Nouvelle offensive sur le « coût du travail »

28 novembre 2017 | Mise à jour le 29 novembre 2017
Par | Photo(s) : Nicolas Kovarik / IP3
Nouvelle offensive sur le « coût du travail »

Répondant à une vieille revendication du patronat, le gouvernement s’apprête à une nouvelle offensive contre le travail qualifié en se déclarant prêt à baisser davantage le « coût du travail » en jouant sur les cotisations sociales.

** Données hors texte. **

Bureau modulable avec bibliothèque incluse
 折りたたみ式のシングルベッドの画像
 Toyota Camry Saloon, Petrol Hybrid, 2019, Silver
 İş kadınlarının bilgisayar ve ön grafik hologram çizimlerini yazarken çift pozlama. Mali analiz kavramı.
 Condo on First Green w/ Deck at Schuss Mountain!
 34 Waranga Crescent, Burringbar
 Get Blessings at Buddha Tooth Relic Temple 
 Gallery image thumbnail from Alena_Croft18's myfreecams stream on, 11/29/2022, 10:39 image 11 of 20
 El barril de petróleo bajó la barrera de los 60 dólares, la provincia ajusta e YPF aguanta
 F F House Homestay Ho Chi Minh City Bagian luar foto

L’offensive menée au nom de la sacrosainte croisade contre le « coût du travail » a été relancée par le ministre de l'Économie et des Finances, Bruno Le Maire. « Nous ne sommes pas encore suffisamment compétitifs, notamment par rapport à nos voisins allemands », a-t-il justifié sur France Inter. Si l’économie française « doit avoir des salariés toujours plus qualifiés », alors il faut « ouvrir la réflexion sur des allègements de charges sur les salariés les plus qualifiés » au-dessus de 2,5 Smic. Il charge donc le Conseil national de l’industrie (CNI) dès janvier d’examiner la possibilité de réduire les cotisations sociales au-delà de 2,5 Smic. Sans désavouer Bruno Le maire, Edouard Philippe a tenté une sorte de rétropédalage en douceur en précisant que cela se ferait seulement lorsque les comptes publics auront été redressés.

Siphonnage des recettes

Dans un moment où les besoins de la protection sociale progressent, cet élargissement du spectre des exonérations de cotisations sociales patronales pose question, car on siphonne à nouveau les ressources de la protection sociale. Cette politique amène aussi à décrocher le financement de la protection sociale par les cotisations pour le reporter, in fine, sur l’impôt puisque ces baisses de cotisations ont vocation à être compensées par l’Etat.

Efficacité douteuse

Cette nouvelle exonération interviendrait sans que la preuve soit faite de l’efficacité des trois vagues successives d’exonération que nous avons connues. Ainsi, selon le premier rapport du Comité de suivi et d'évaluation des aides publiques aux entreprises et des engagements (Cosape), les travaux d'évaluation de la politique d'exonérations de cotisations sociales patronales sur les bas salaires aboutissent globalement à conclure que la première vague d'allégements (de 1993 à 1997) a permis de créer ou sauvegarder de l'ordre de 300 000 emplois et la deuxième vague (de 1998 à 2002) environ 350 000 emplois. Mais c’est essentiellement en raison de la réduction du temps de travail à 35 heures. Les effets de la troisième vague (de 2003 à 2005), eux, seraient quasi nuls.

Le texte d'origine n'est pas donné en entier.